Словно в подтверждение этому предположению раздалось несколько взрывов гранат, но брошенных, как поняли потом, видимо, наудачу: из группы подрывников никто не пострадал.
Наконец, долгожданный всплеск огня и грохот взрыва.
Невольное "ура!" вырвалось у всех, кто видел это.
Огонь по зданию стал еще плотнее - к черному пролому в стене уже бежали блокировочная группа В. И. Ларченко и штурмовая группа П. Т. Войцеховского. И, наконец, серия цветных ракет - прекратить огонь.

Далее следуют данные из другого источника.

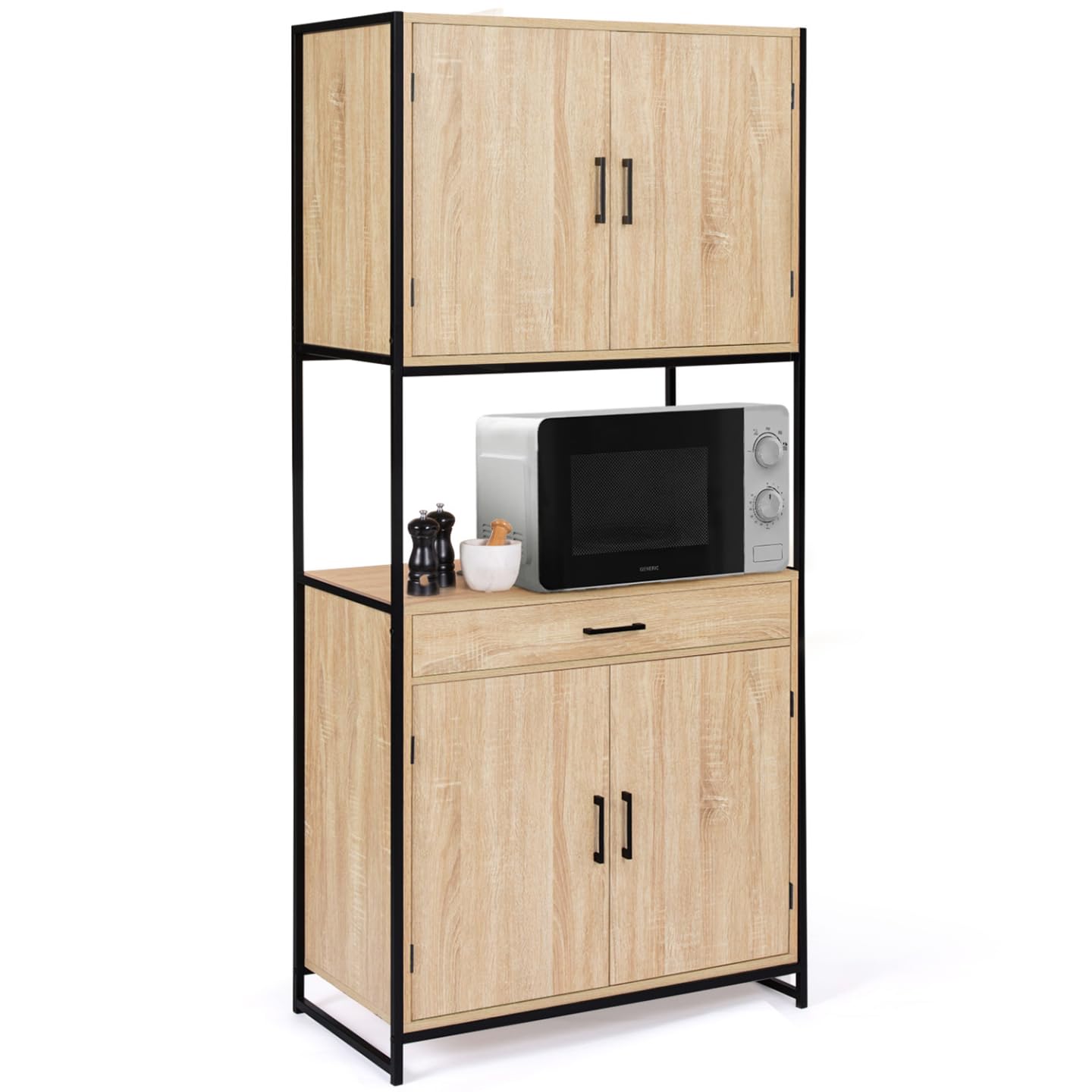 IDMarket - Aparador de cocina (80 cm) DETROIT mueble 4 puertas diseño industrial + cajón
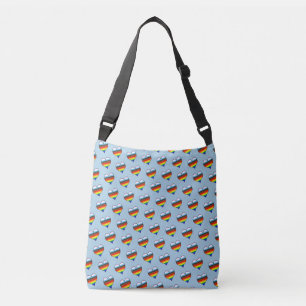 Bolsa Ajustável Rainbow Heart Pattern Crossbody Bag
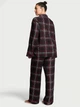 Фланелева піжама (сорочка + штани) Victoria's Secret Flannel Long Pajama Set М Regular Чорний (27138529) - изображение 2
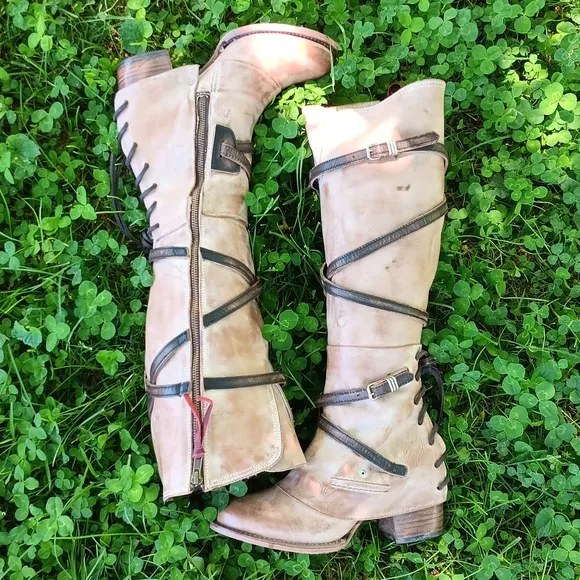 Freebird by Steven Cream and Brown Heeled Boots with Rustic Straps
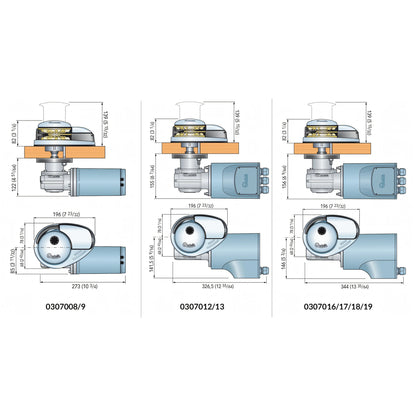 Verricello Quick DP2 con campana, disegno tecnico con dimensioni di ingombro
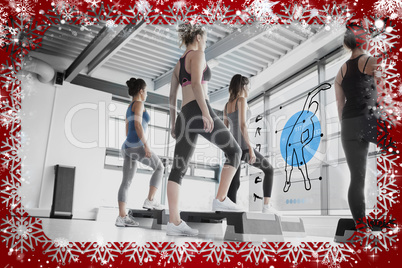 Rear view of women doing exercise with blue futuristic interface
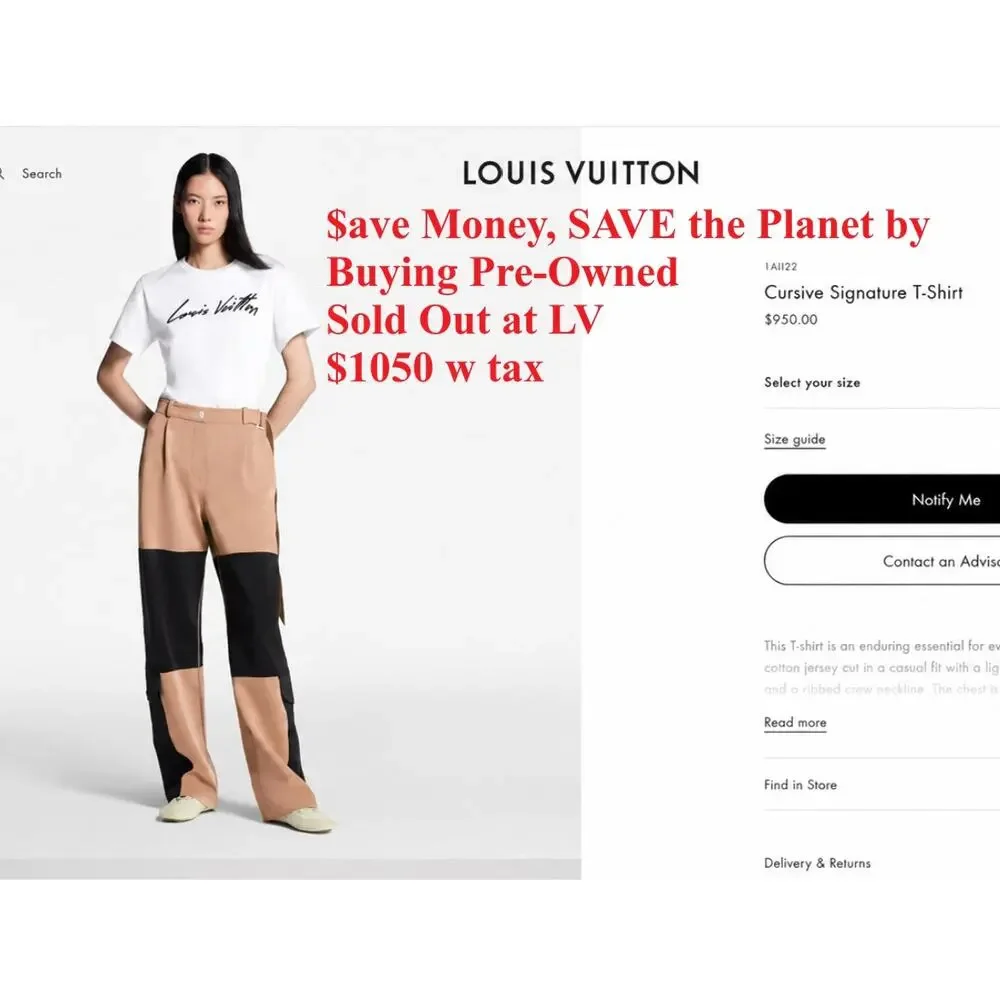 LOUIS VUITTON Cursive Signature T-Shirt White Black Large Medium Women 1AII22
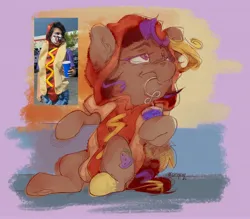 Size: 4096x3590 | Tagged: safe, artist:midnightpremiere, derpibooru import, oc, oc:hors, unofficial characters only, human, pegasus, pony, art vs artist, clothes, costume, drink, drinking, hoof hold, hot dog costume, image, jpeg, ponysona, sitting, solo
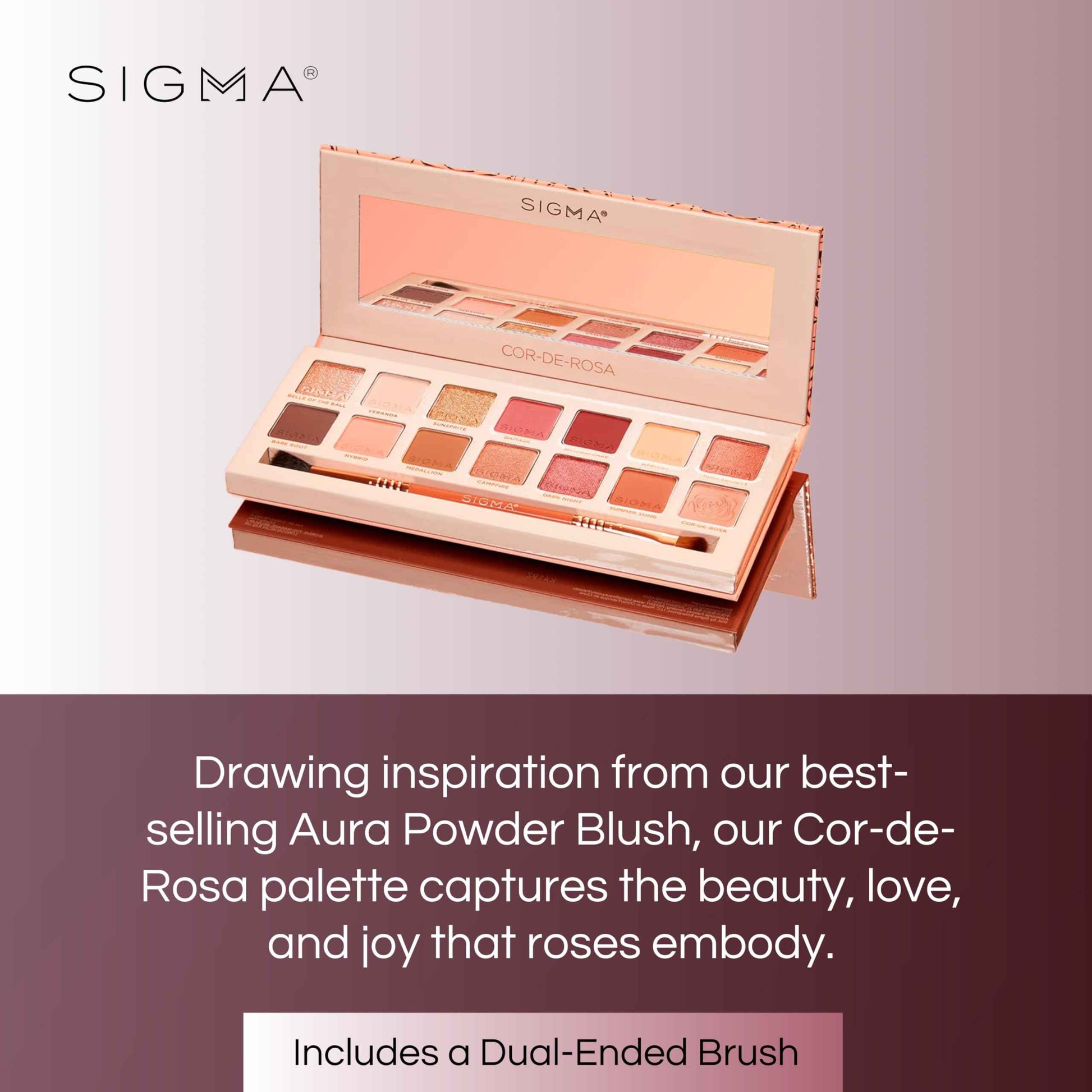 Sigma Beauty Cor-De-Rosa Eyeshadow Palette - 14 Warm Eyeshadow Shades in Matte, Shimmer and Metalic Finishes - Highly Pigmented Vegan Eye Makeup Palette - Clean Beauty Products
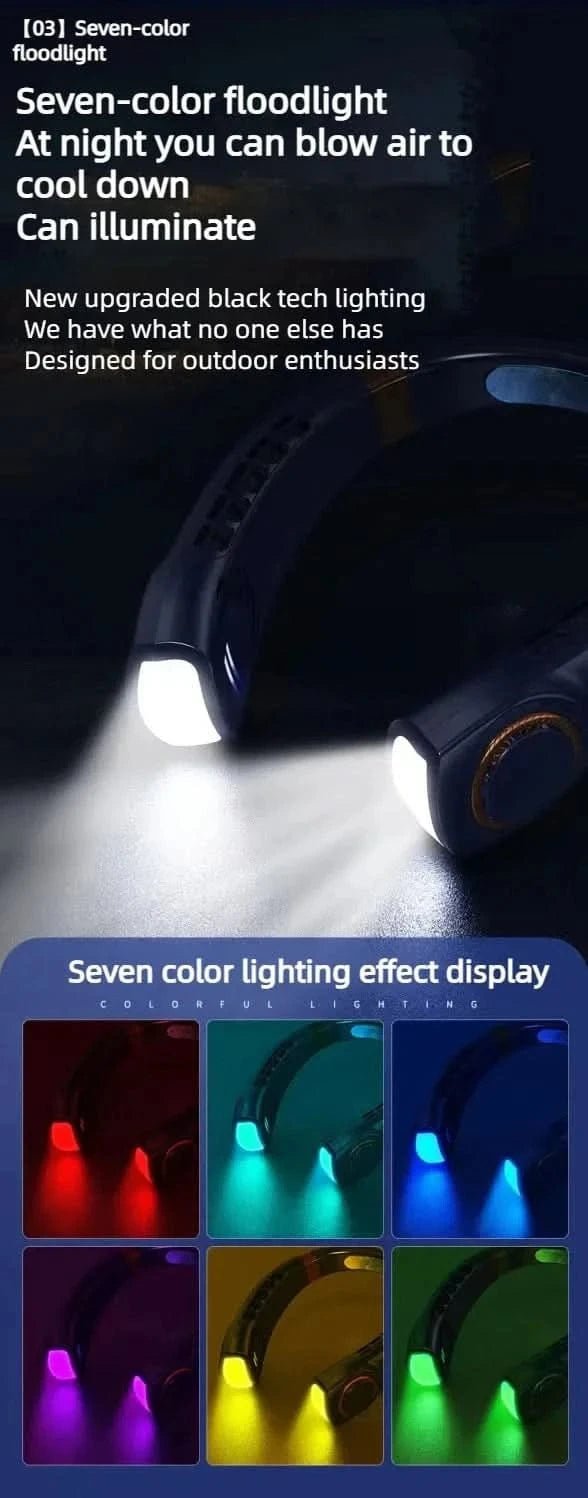 Seven-color floodlight with black tech lighting, shown in use and with color display.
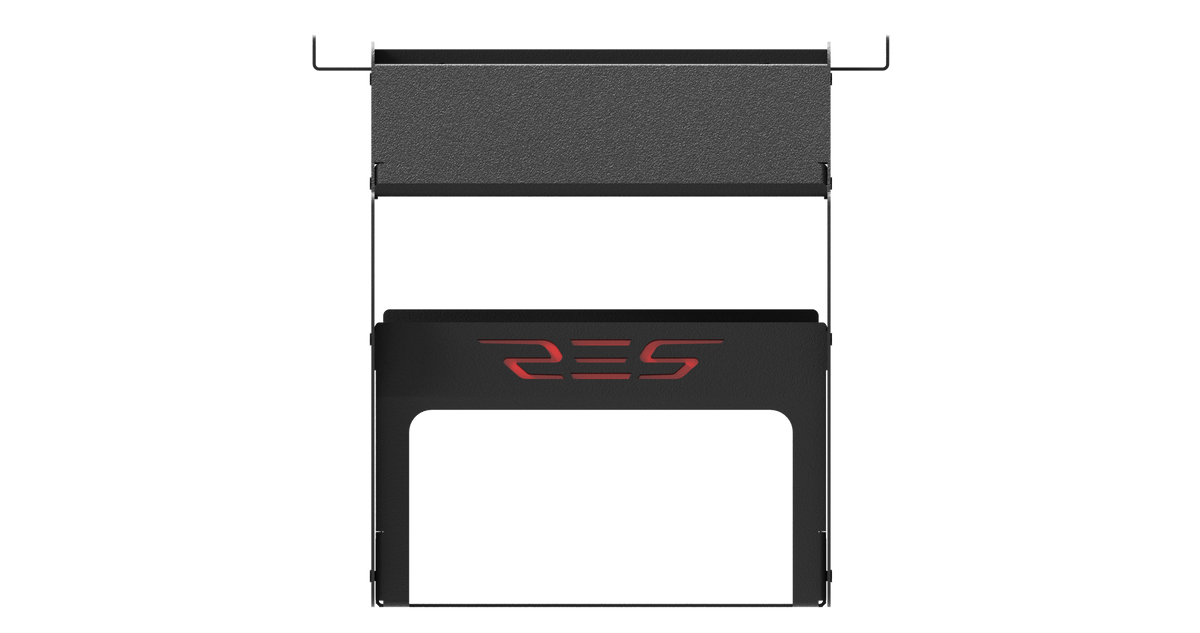 Staffa per PC in metallo nero con logo RES rosso su sfondo scuro.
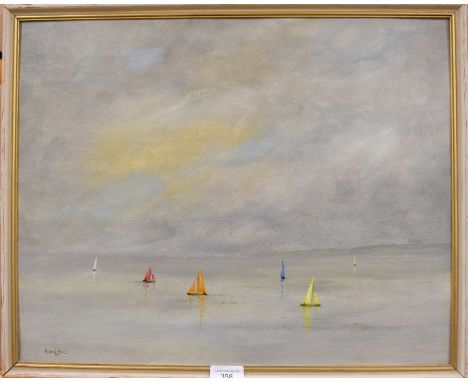 R Wallace - 'Becalmed', oil on board, signed, 40 x 50 cm&nbsp;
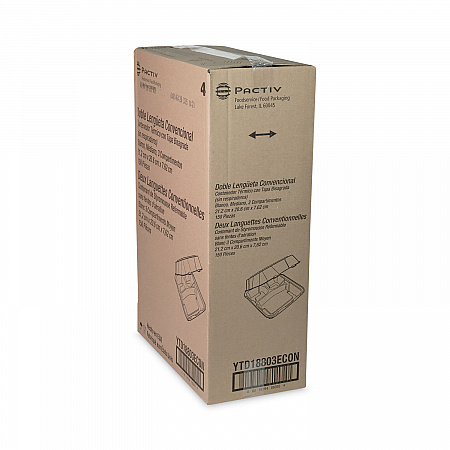 Vented Foam Hinged Lid Container, Dual Tab Lock Economy, 3 Compartments, 8.4 x 8 x 3, White, 150/Carton (YTD18803ECON)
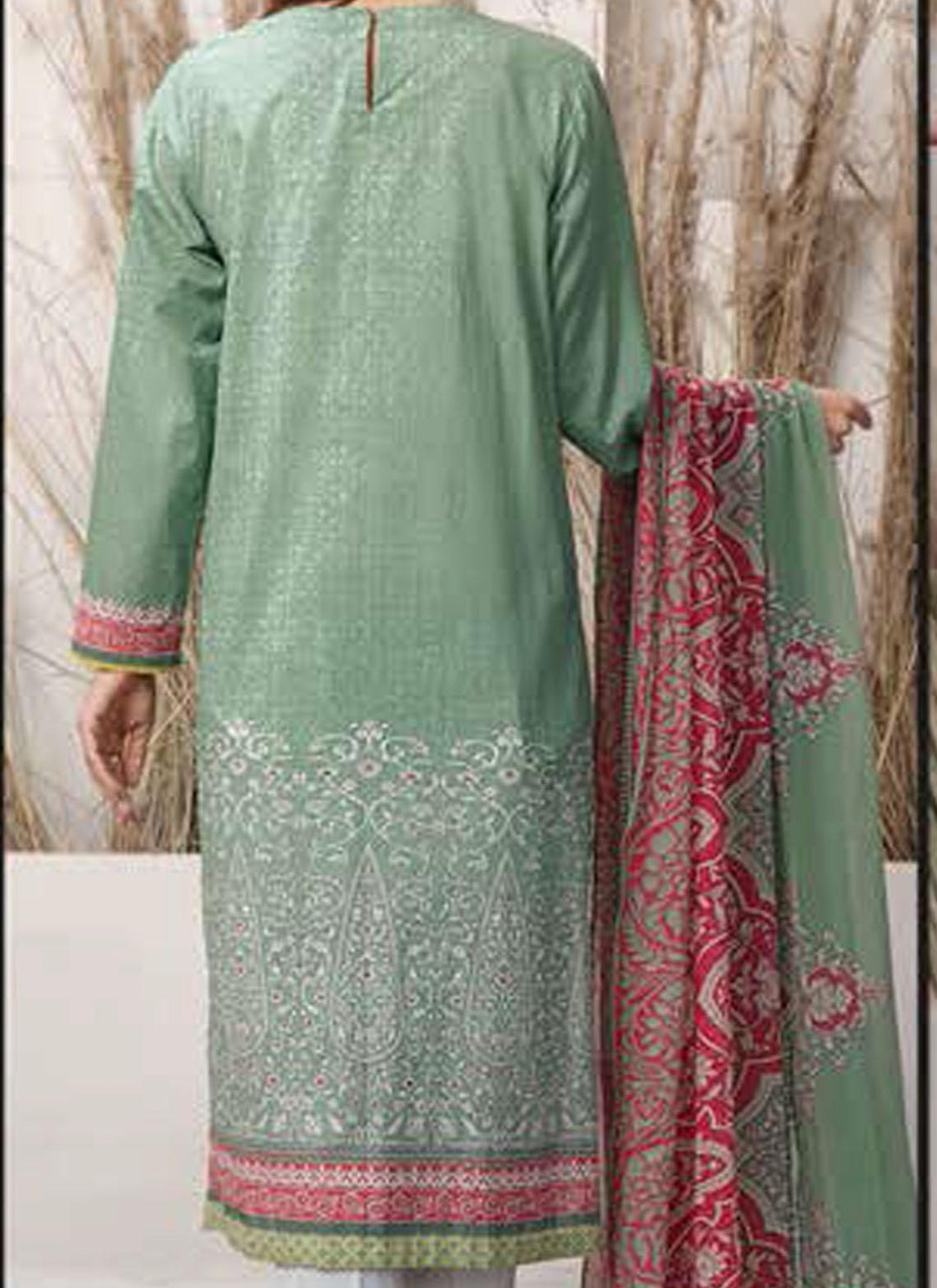 LimeLight Embroidered Lawn Suits Unstitched 2 Piece LL21E U1262 Green - Summer Collection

Вокруг наступила тишина. Только изнутри здания доносилась стрельба и взрывы гранат...
* * *
Ночной бой в здании - самый тяжелый бой. Мне он знаком по боям в Университетском городке в Мадриде. Здесь нет понятия - передний край, фронт, тыл, фланги. Противник здесь может быть всюду - этажом выше, ниже, вокруг. Здесь, как нигде, в тесном единении уживается рукопашная схватка с огнем. Чутье, находчивость, смелость, скорее дерзость решают исход боя. Шорох? Чье-то дыхание в кромешном мраке? Кто там? Свой? Чужой? Как узнать? Окликнуть? А вдруг в ответ раздастся очередь из автомата? Самому стрелять? А может, там свой? Что под ногами? Скользящие осколки стекла? Разломанные стулья? Веревки? Провода? Труп? А может притаившийся враг? Решай быстро! Быть может, на решение отпущено вот это мгновение, быть может, десятая доля секунды отделяет от бесшумного броска чужой гранаты или удара ножом...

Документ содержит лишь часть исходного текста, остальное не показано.